Tampouco tenho conta em lugar nenhum e isso é um pouco frustrante. Pegar fiado no bar, só quem é Ph.D. na botecagem. Pendurar uma conta, ou várias, te coloca em outro patamar. Você lê o nome do camarada sobre a página dos devedores no caderninho e logo pensa, “este tem as bases.” Ele é o mais xingado pelo dono. “Não aguento mais aquele lazarento enchendo o meu saco aqui dentro.” Ou, então, “cadê aquele desgraçado que ainda não apareceu hoje?” Meu sonho é ser xingado pelos donos dos bares que costumo ir. E pelas costas. É a prova cabal de que eles lembram de mim, sentem a minha falta como eu sinto a deles. Mandar pendurar, ficar devendo, sair de fininho sem pagar, ouvir o dono gritando da porta quando eu já estiver na esquina, “volte aqui seu sem-vergonha”, ou “não me apareça nunca mais.”

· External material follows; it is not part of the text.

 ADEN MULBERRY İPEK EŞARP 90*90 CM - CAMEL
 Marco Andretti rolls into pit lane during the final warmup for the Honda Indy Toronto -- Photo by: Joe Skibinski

Outro dia me saíram com esta: disseram que todo dono de boteco sabe que o devedor bom é aquele que tem conta pendurada em vários botecos, que a fama dele o precede. Este pode até demorar, mas paga. É por isso que segue bebendo e comendo fiado nos lugares. O sujeito que não tem dívida em nenhum boteco não dá garantia nenhuma de que vai pagar, pode ser simplesmente um malandro. Estávamos num botequim que costumam chamar de semiaberto porque, dizem, vai gente de tornozeleira eletrônica. Tem ovo colorido em cima do balcão, vina com molho dentro da estufa e vários tipos de rollmóps. O mais jovem na mesa - depois de mim - já dobrou a curva dos setenta. O sujeito que contou a história, fiquei sabendo, deve em pelo menos quinze botecos diferentes.